Symptom: Result is unexpectedly zero
Causes:
├─ Underflow (value too small)
├─ Catastrophic cancellation
└─ Denormal flushing

Symptom: Results differ between debug/release
Causes:
├─ Different optimization levels
├─ x87 vs SSE codegen
├─ Fast-math flags enabled in release
└─ Uninitialized memory (different in debug)
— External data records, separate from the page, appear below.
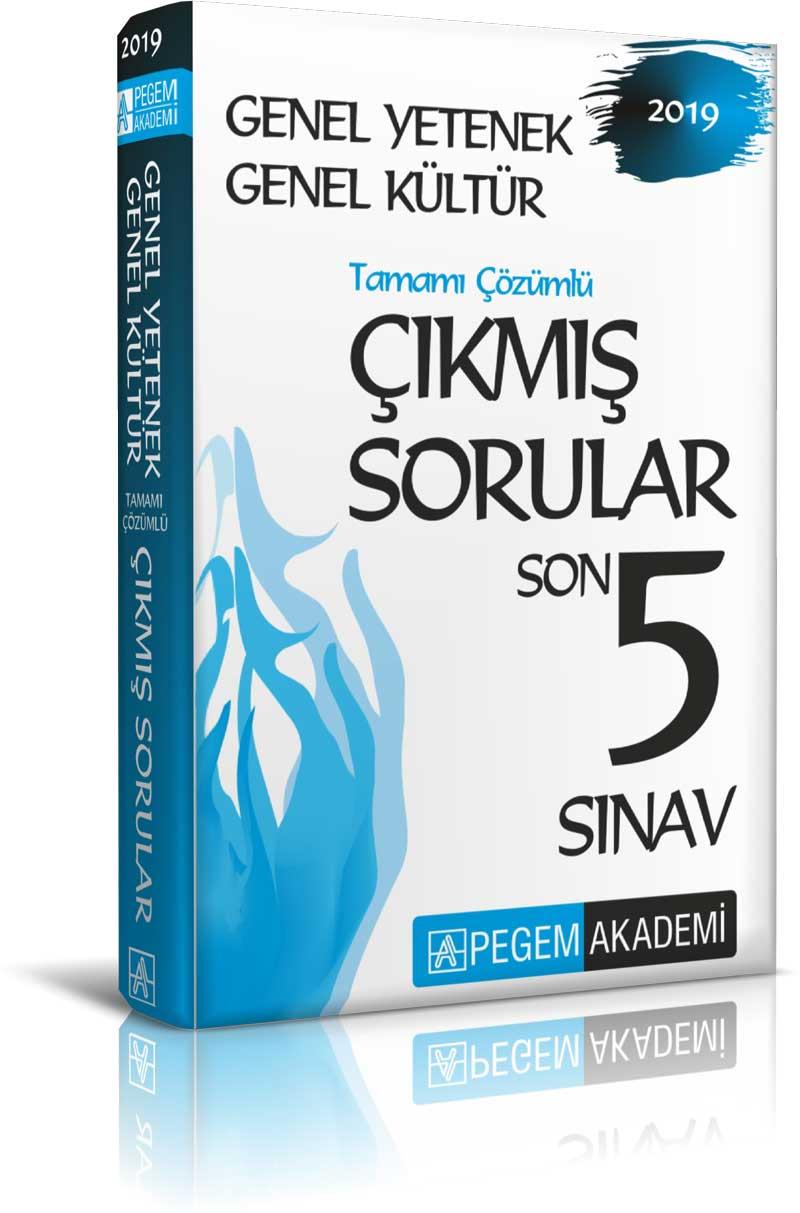 Pegem 2019 KPSS Genel Yetenek Genel Kültür Tamamı Çözümlü Çıkmış Sorular Son 5 Sınav (Yeni)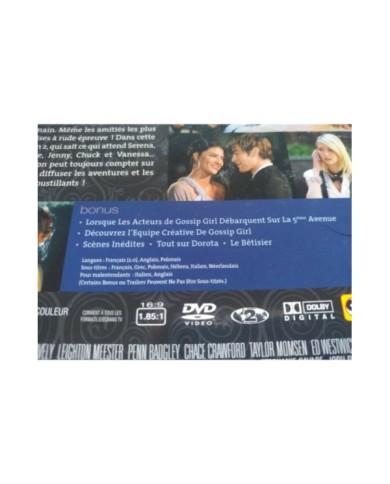 Gossip Girl L?integral Saison 2 - DVD Frances English - 3T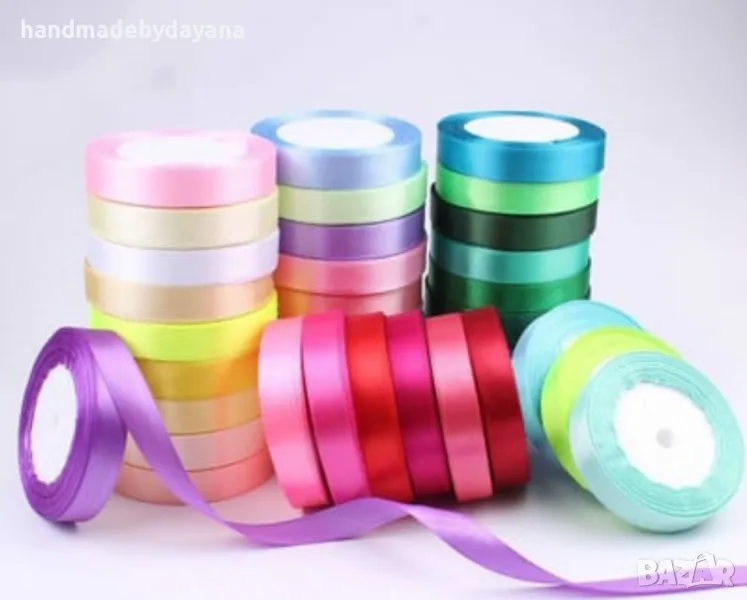 Сатенена лента/ панделка /22метра /6мм, снимка 1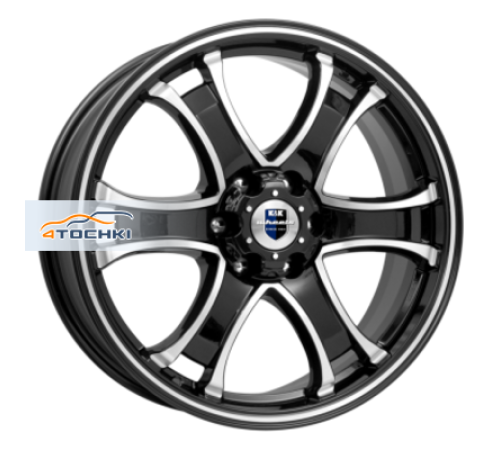 Купить диски K&K 7,5x18/6x139,7 ET38 D100,1 Балеар (КС727) Алмаз черный от производителя K&K в Казани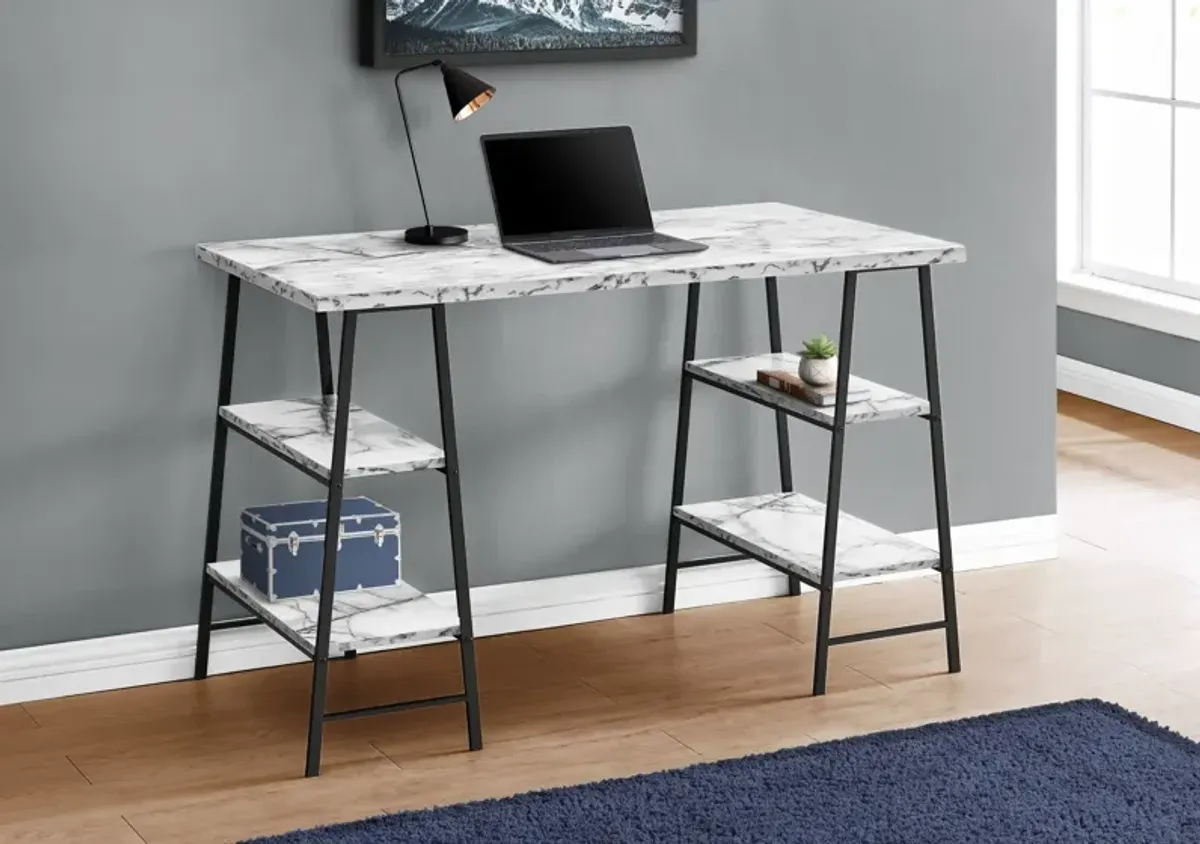 Computer Desk For Home Office, Laptop, Storage Shelves, Contemporary & Modern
Symptom: Results differ between machines
Causes:
├─ Different CPU architectures
├─ Different compiler versions
├─ Different math library implementations
└─ Different SIMD instruction sets

17.3 Floating Point Sanitizers

# GCC/Clang undefined behavior sanitizer catches some FP issues
clang -fsanitize=undefined,float-divide-by-zero program.c

# Enable FP exceptions to catch issues early
#define _GNU_SOURCE
#include <fenv.h>
feenableexcept(FE_INVALID | FE_OVERFLOW | FE_DIVBYZERO);
// Now bad operations cause SIGFPE

# Valgrind can detect some issues
valgrind --tool=memcheck ./program

17.4 Systematic Testing Strategy

1. Boundary values
   ├─ Zero (positive and negative)
   ├─ Smallest positive normal and denormal
   ├─ Largest finite value
   ├─ Infinity and NaN
   └─ Powers of 2 (exactly representable)

2. Special cases
   ├─ Values that can't be represented exactly (0.1, 0.2)
   ├─ Values near overflow threshold
   ├─ Values near underflow threshold
   └─ Values that cause cancellation

3. Randomized testing
   ├─ Property-based testing (Hypothesis, QuickCheck)
   ├─ Comparison with arbitrary precision library
   └─ Cross-platform result comparison

4. Stress testing
   ├─ Many iterations of accumulation
   ├─ Deep recursion with floating point
   └─ Extreme input ranges

18. Summary

Floating point representation is a fundamental compromise between range, precision, and performance:

IEEE 754 format:

  • Sign bit, biased exponent, implicit-leading-1 mantissa
  • Single (32-bit): ~7 decimal digits
  • Double (64-bit): ~16 decimal digits

Special values:

  • Zero (positive and negative)
  • Infinity (positive and negative)
  • NaN (not equal to itself)
  • Denormals (gradual underflow)

Common pitfalls:

  • Never compare floats with ==
  • 0.1 cannot be represented exactly
  • Order of operations affects results
  • Large magnitude differences cause precision loss

Best practices:

  • Use double unless you have good reason not to
  • Never use float/double for money
  • Use epsilon comparisons with relative tolerance
  • Consider Kahan summation for accuracy
  • Test edge cases and special values
  • Understand your compiler’s optimization flags

Understanding floating point is essential for writing correct numerical code. The abstractions are leaky, the edge cases are numerous, and the bugs are subtle. But with knowledge of how floating point works internally, you can anticipate problems and write robust numerical software.